───── The data ─────

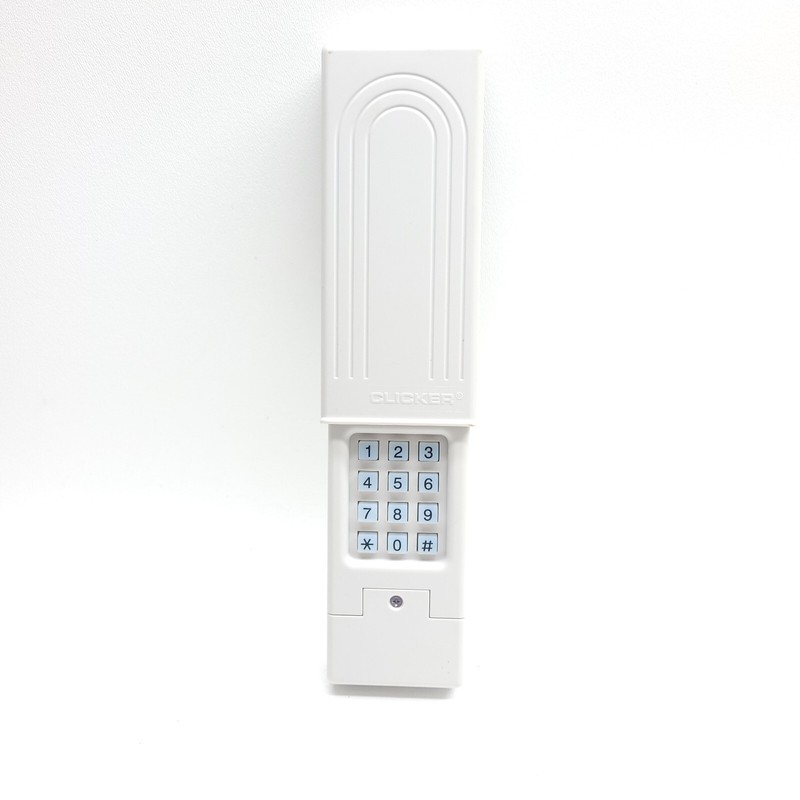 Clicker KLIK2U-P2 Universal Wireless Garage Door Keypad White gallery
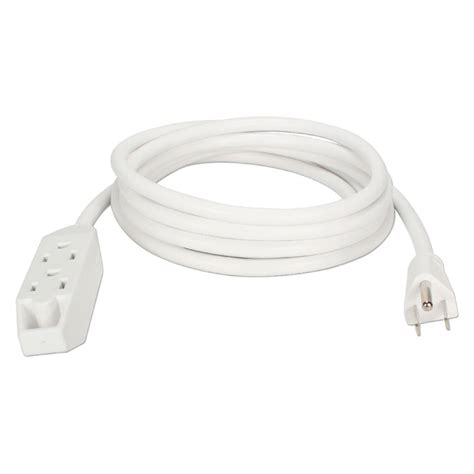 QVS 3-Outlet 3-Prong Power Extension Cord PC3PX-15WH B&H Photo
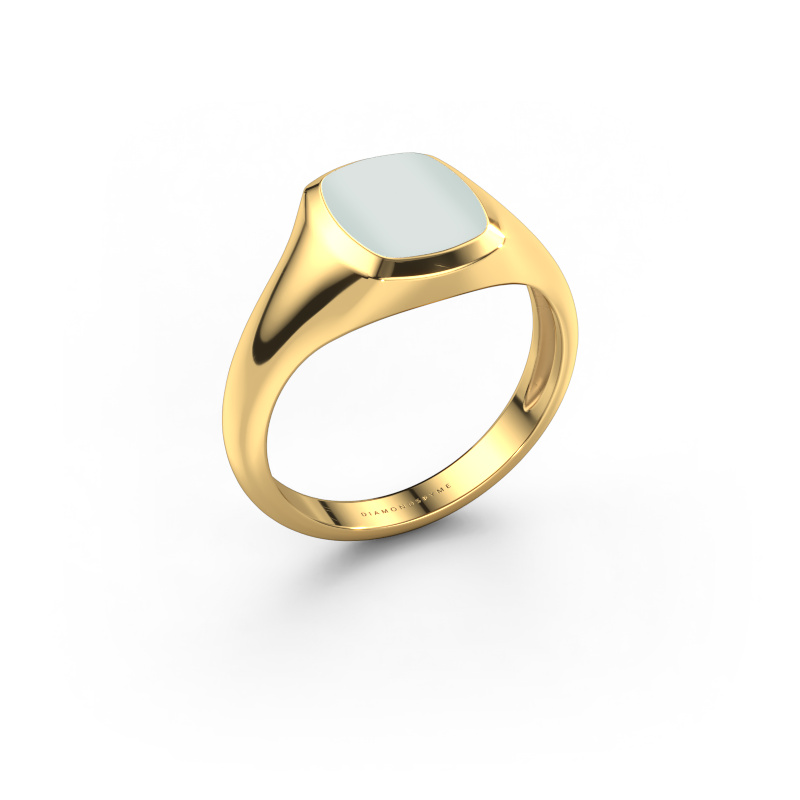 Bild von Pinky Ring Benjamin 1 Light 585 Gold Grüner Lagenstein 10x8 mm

─────

## Goal of the exercise
Return every line of the listing exactly, leaving its pictures behind.

## Expected answer
 Clicker KLIK2U-P2 Universal Wireless Garage Door Keypad White gallery
 QVS 3-Outlet 3-Prong Power Extension Cord PC3PX-15WH B&H Photo
 Bild von Pinky Ring Benjamin 1 Light 585 Gold Grüner Lagenstein 10x8 mm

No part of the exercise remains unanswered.